As the revcoms got out there at this conference, disrupting people’s illusions and challenging them to step outside their comfort zones and engage real revolution, some “woke” haters who were too cowardly to debate us in person decided to get on Twitter and talk shit. One even wanted us arrested, writing “seriously, where was the Convention Center and Marriott security? I’m rarely one for carceral solutions but good grief.” Our great crime? Trying to get students and professors to THINK about the big problems humanity faces and the revolutionary solution. Another tweeted, “any claim to be exercising free speech disappears when you trap people in dialogue.” OMG how dare we engage intellectuals in DIALOGUE! Of course, when the cops don’t come to your rescue, you can always play the “get out of thought free” card by ignorantly tweeting that Bob Avakian and the revcoms are a “cult,” which several haters did.

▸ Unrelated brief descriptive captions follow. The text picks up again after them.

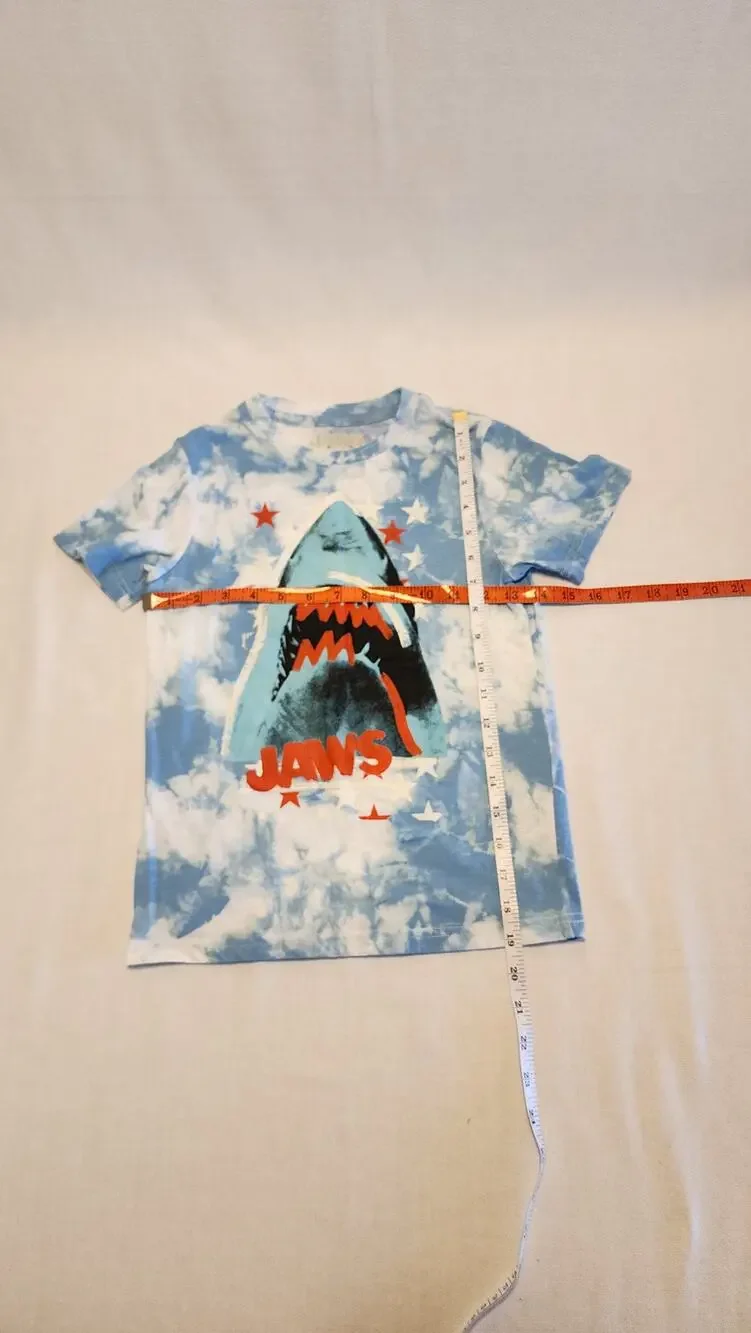 Boys Jaws Tie-Dye Graphic T-Shirt Size S Movie Tee Movie Merch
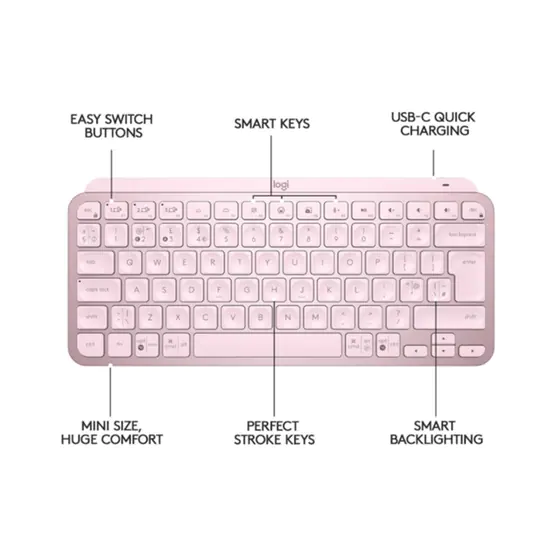 Logitech Wireless MX Keys Mini Minimalist Keyboard- Wireless - Rose  - изображение 4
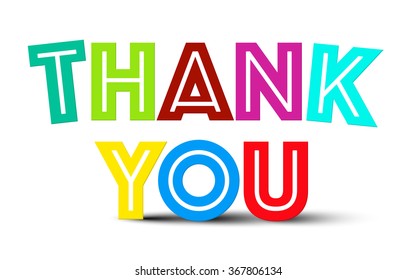 Thank You Colorful Title On White Stock Vector (Royalty Free) 367806134 ...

All this is just an ugly expression of what Bob Avakian wrote in “LIBERALS: WHAT IS THEIR PROBLEM?”:
[A] whole section of middle class “liberals,” whose basic problem is that, despite inclinations to oppose certain forms of injustice and oppression, they are so wedded to this system that they strongly resist engaging, or even outright refuse to engage, the decisive question of what is really necessary to end oppression and exploitation—the decisive question of reform vs. revolution—and in particular they have a strong aversion to engaging a substantial presentation of why reforming this system of capitalism-imperialism in a way that would be in the fundamental interests of humanity is impossible, and this system must be overthrown, through an actual revolution, and replaced with a radically different and far better system.
Despite many people’s preference to avoid these decisive questions, our work at the ASA conference also revealed the potential to transform this section of society, especially in this rare time when the contradictions of this system are intensifying and things are going to extremes. The fact is, many people in this section of society do care about one or more of the 5 STOPS.1 And, as one member of our team commented:
While it’s true that people are caught up in all kinds of bullshit, including wokeness and anti-communism, it’s also true that I encountered a lot of people who are dealing with some really important issues and had a lot of broadness of mind and intellectual curiosity. It’s hemmed in in a lot of ways, but it’s there.
At the same time, our experience at this conference also confirmed that the necessary re-polarization for revolution will only happen through ferocious struggle against all the ways of thinking that are standing in the way of revolution, as a critical part of all-around revolutionary work.